■ Exercise ■
After locating the line with "Graph Book A4 48 page 10mm Grid Squares" in the entries below, output it and each following line up to and including the line with "Miren Open Knit Sweater", exactly and without pictures.

■ Exercise material ■
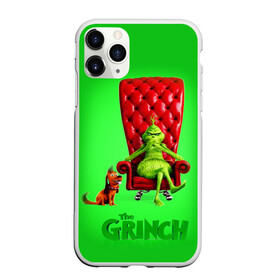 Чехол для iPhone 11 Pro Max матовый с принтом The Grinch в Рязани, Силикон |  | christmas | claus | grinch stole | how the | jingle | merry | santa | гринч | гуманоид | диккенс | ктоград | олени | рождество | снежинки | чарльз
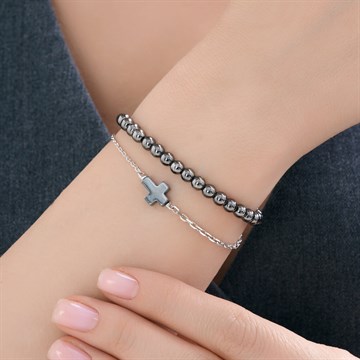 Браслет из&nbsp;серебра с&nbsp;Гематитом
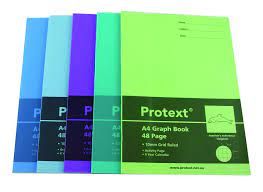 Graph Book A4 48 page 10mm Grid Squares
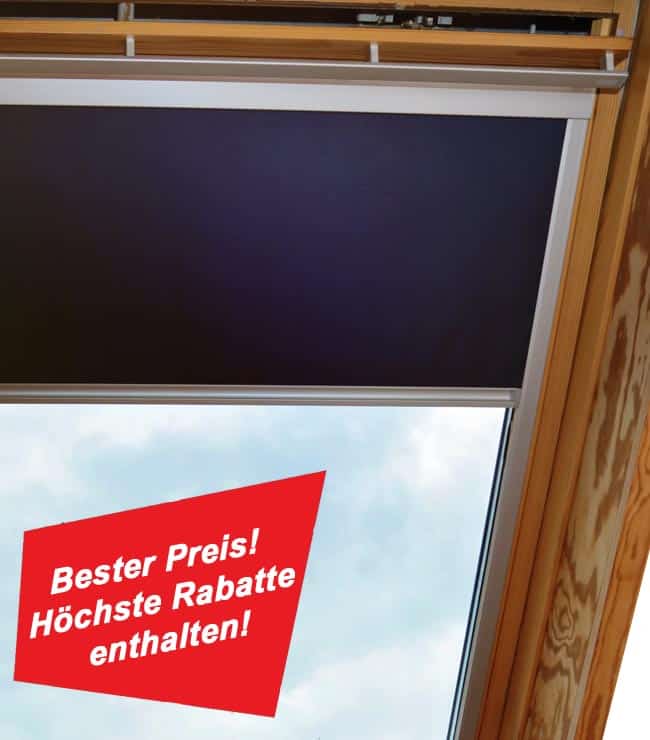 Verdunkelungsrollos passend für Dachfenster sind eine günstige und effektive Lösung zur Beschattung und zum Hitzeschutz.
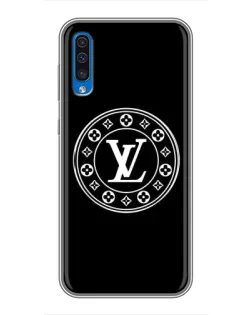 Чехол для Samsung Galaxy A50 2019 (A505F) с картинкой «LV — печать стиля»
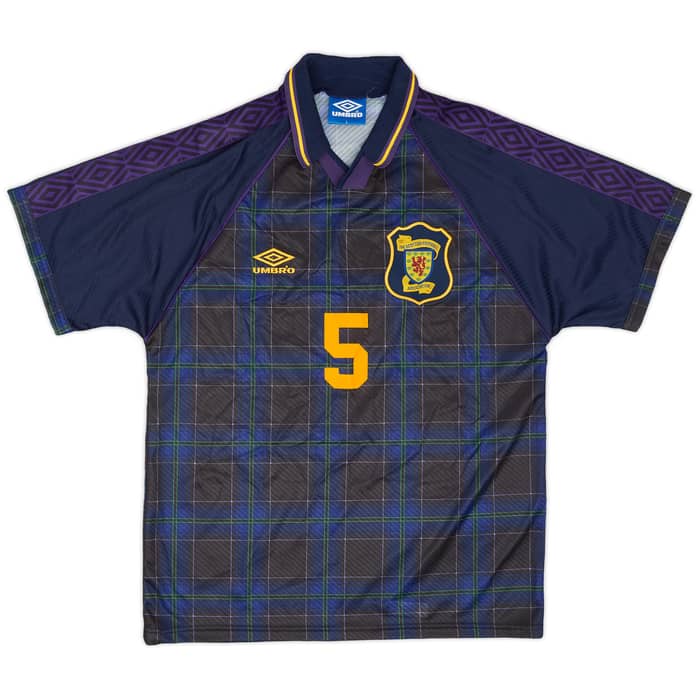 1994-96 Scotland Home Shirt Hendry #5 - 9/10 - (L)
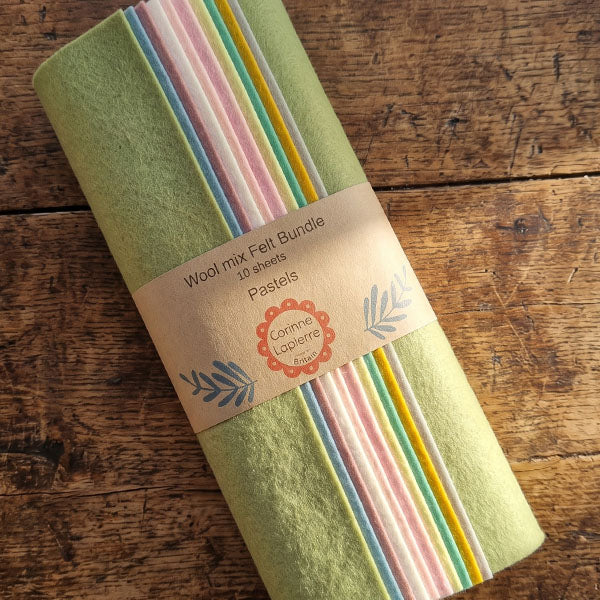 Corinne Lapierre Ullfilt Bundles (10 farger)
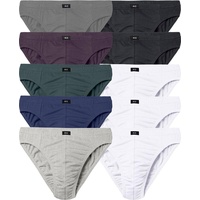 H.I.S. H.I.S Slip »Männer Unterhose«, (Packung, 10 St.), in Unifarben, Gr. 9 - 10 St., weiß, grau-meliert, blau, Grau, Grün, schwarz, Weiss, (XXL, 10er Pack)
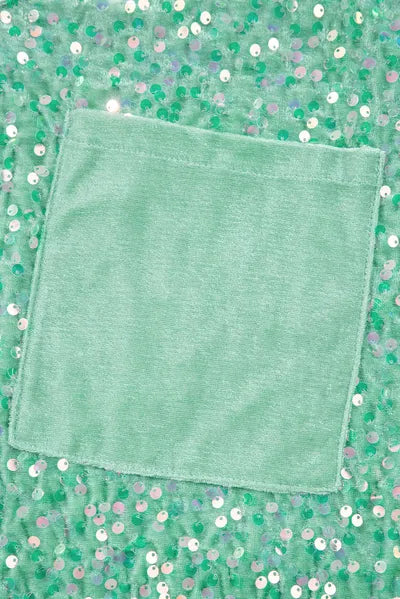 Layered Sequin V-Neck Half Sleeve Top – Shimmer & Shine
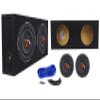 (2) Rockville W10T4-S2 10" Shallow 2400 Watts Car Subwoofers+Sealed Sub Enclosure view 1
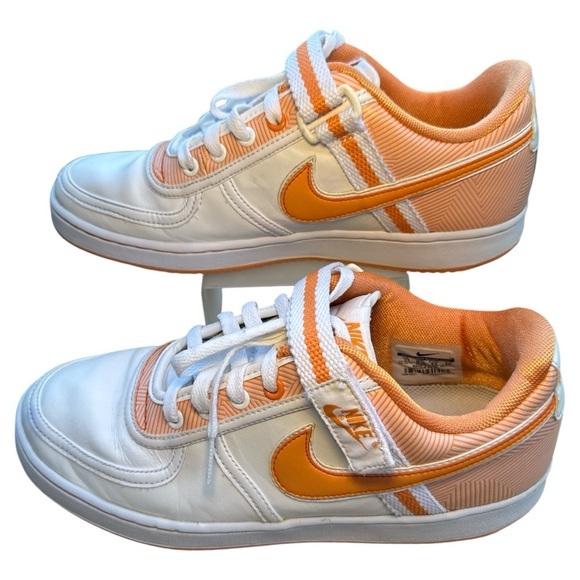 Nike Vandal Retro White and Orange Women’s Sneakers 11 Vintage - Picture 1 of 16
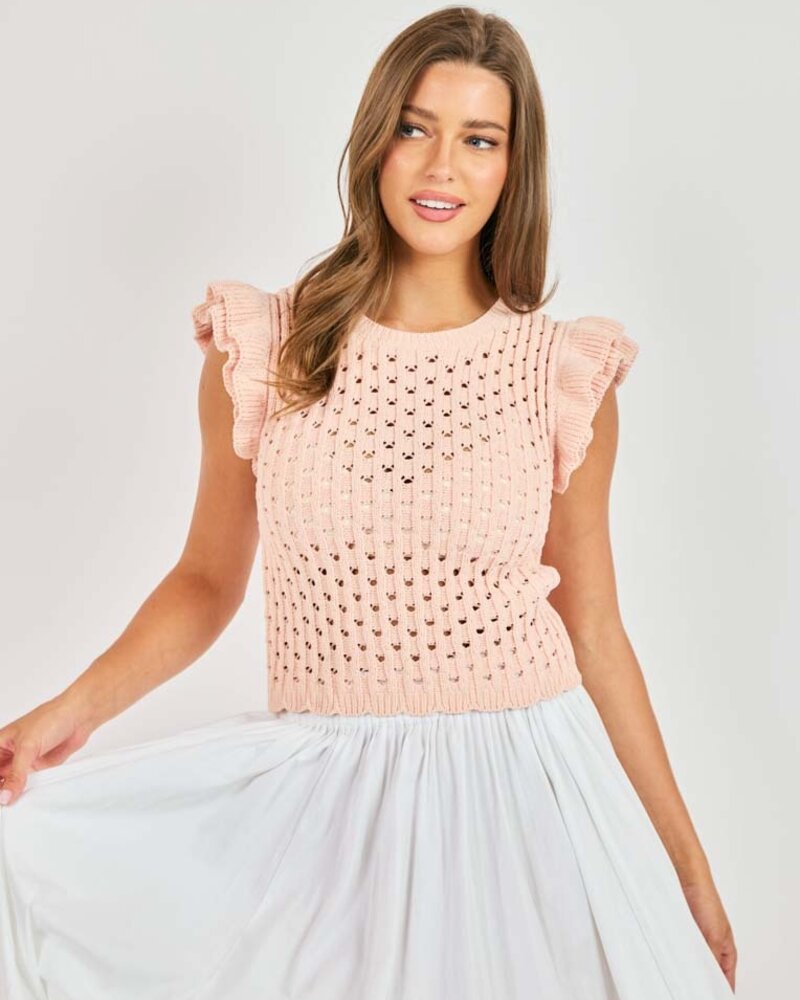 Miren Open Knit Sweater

==

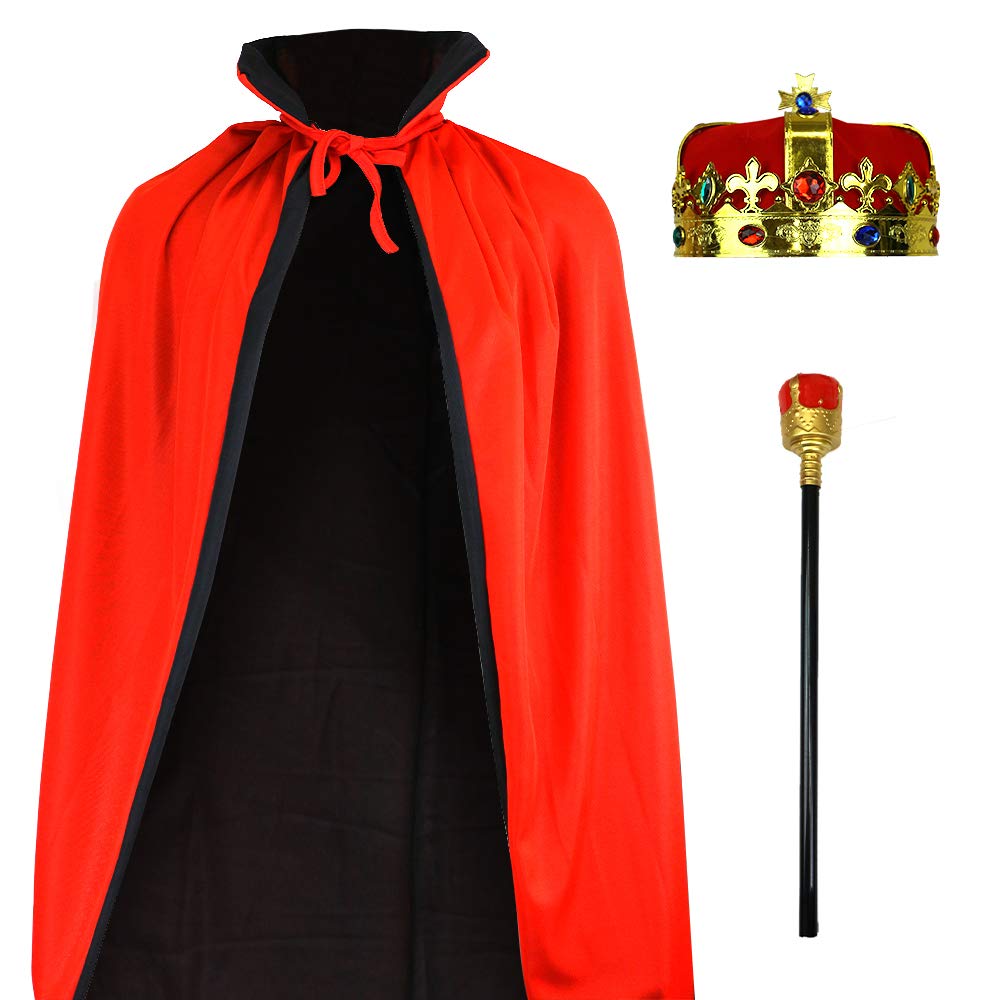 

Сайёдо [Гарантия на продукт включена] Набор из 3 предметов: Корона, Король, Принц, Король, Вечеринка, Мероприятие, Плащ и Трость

■ Finished exercise ■
 Graph Book A4 48 page 10mm Grid Squares
 Verdunkelungsrollos passend für Dachfenster sind eine günstige und effektive Lösung zur Beschattung und zum Hitzeschutz.
 Чехол для Samsung Galaxy A50 2019 (A505F) с картинкой «LV — печать стиля»
 1994-96 Scotland Home Shirt Hendry #5 - 9/10 - (L)
 Corinne Lapierre Ullfilt Bundles (10 farger)
 H.I.S. H.I.S Slip »Männer Unterhose«, (Packung, 10 St.), in Unifarben, Gr. 9 - 10 St., weiß, grau-meliert, blau, Grau, Grün, schwarz, Weiss, (XXL, 10er Pack)
 Layered Sequin V-Neck Half Sleeve Top – Shimmer & Shine
 (2) Rockville W10T4-S2 10" Shallow 2400 Watts Car Subwoofers+Sealed Sub Enclosure view 1
 Nike Vandal Retro White and Orange Women’s Sneakers 11 Vintage - Picture 1 of 16
 Miren Open Knit Sweater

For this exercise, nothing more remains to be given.